Depois do indesejado rótulo de fado western e de alguns pormenores latinos, Lisboa Mulata foi apresentando como sendo a incursão dos Dead Combo por territórios africanos. O single homónimo confirmava essa ideia e fazia-o da melhor forma, com uma cadência rítmica deliciosa, a puxar valentemente para a dança e a garantir logo o estatuto de um dos melhores temas da banda até ao momento.
Quando se ouve o resto do disco, percebe-se que a influência africana não é de todo transversal a todos os temas. É, acima de tudo, um disco mais simples e cru, com bastante menos arranjos que o anterior Lusitania Playboys e assente essencialmente nas guitarras, não só de Tó Trips e Pedro Gonçalves (em alternância com o contrabaixo), mas também, em alguns temas, do convidado americano Marc Ribot: uma das grandes influências da banda portuguesa. Desengane-se, no entanto, quem pense que esta crueza implique qualquer lógica mais ríspida. Há por aqui, nas entrelinhas, bastante força emotiva, seja na desconstrução popular da deliciosa Marchinha do Santo António Descambado,na beleza da melódica em Cowboys Cure For Jah ou na melancolia de Aurora em Lisboa e Ouvi o Texto Muito Ao Longe, declamado por Camané e escrito por Sérgio Godinho, naquele que será o primeiro tema com voz da banda.

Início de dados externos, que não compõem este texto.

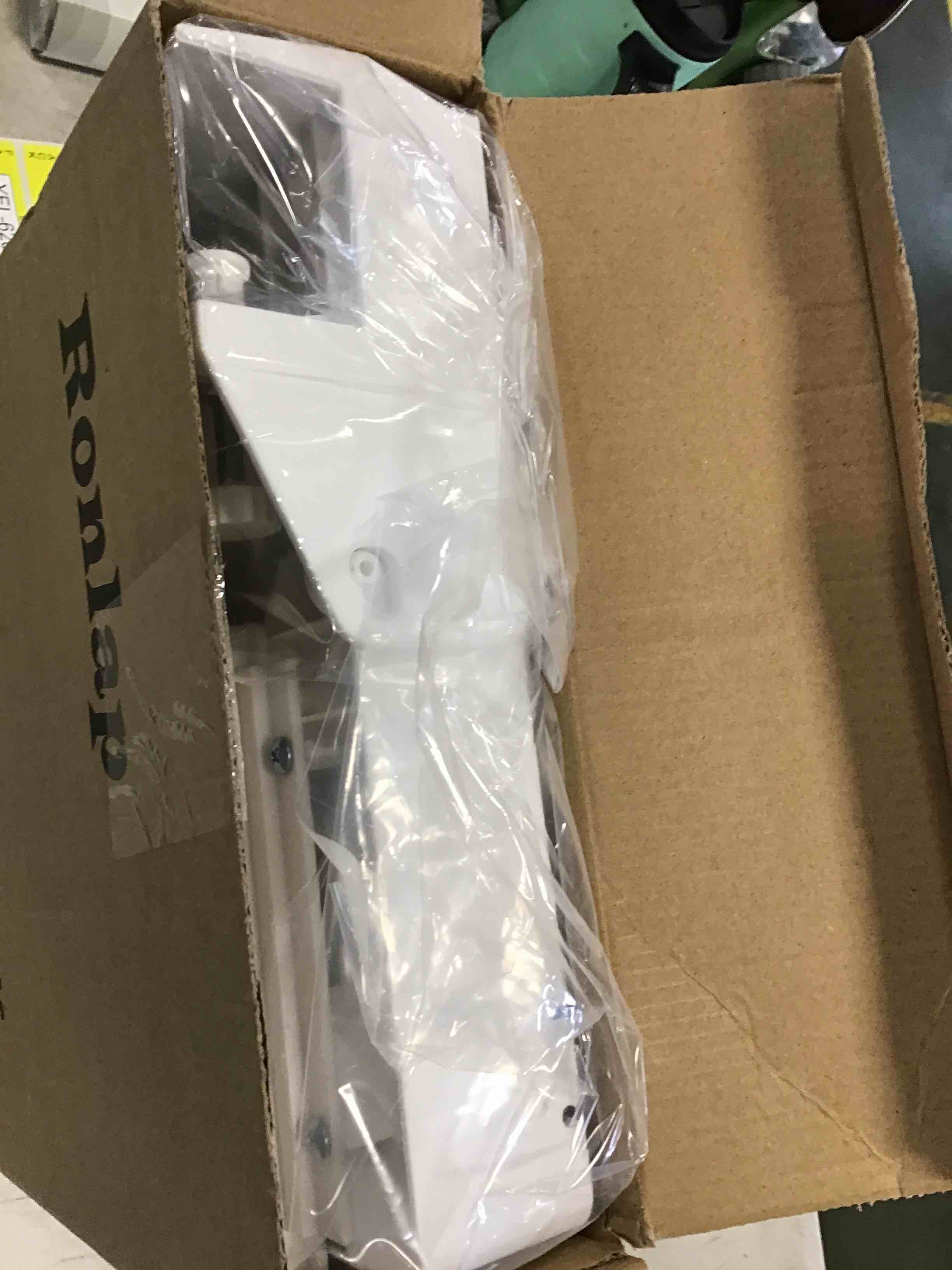 https://s3.amazonaws.com/lotting-images-prod/bidfta/YEL6286353_1712331300972.jpeg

Falta, contudo, falar do que é provavelmente o momento mais arrebatador do disco: Esse olhar que era só teu, com referência a Amália e criado num trabalho cinematográfico com o realizadorBruno Almeida, numa manipulação artística de gravações antigas da grande fadista. Com a simplicidade de uma viola e uma guitarra eléctrica (sem arranjos electrónicos), é daqueles temas com uma alma e uma magia próprias, capazes de reinventar e dar uma nova expressão a um género, no caso o fado.
Enfim, rótulos e caracterizações à parte, Lisboa Mulata é o reflexo de uma banda com uma identidade cada vez mais forte, com um som cada vez mais universal e com uma qualidade cada vez mais indiscutível. Portanto, um firme e forte passo em frente.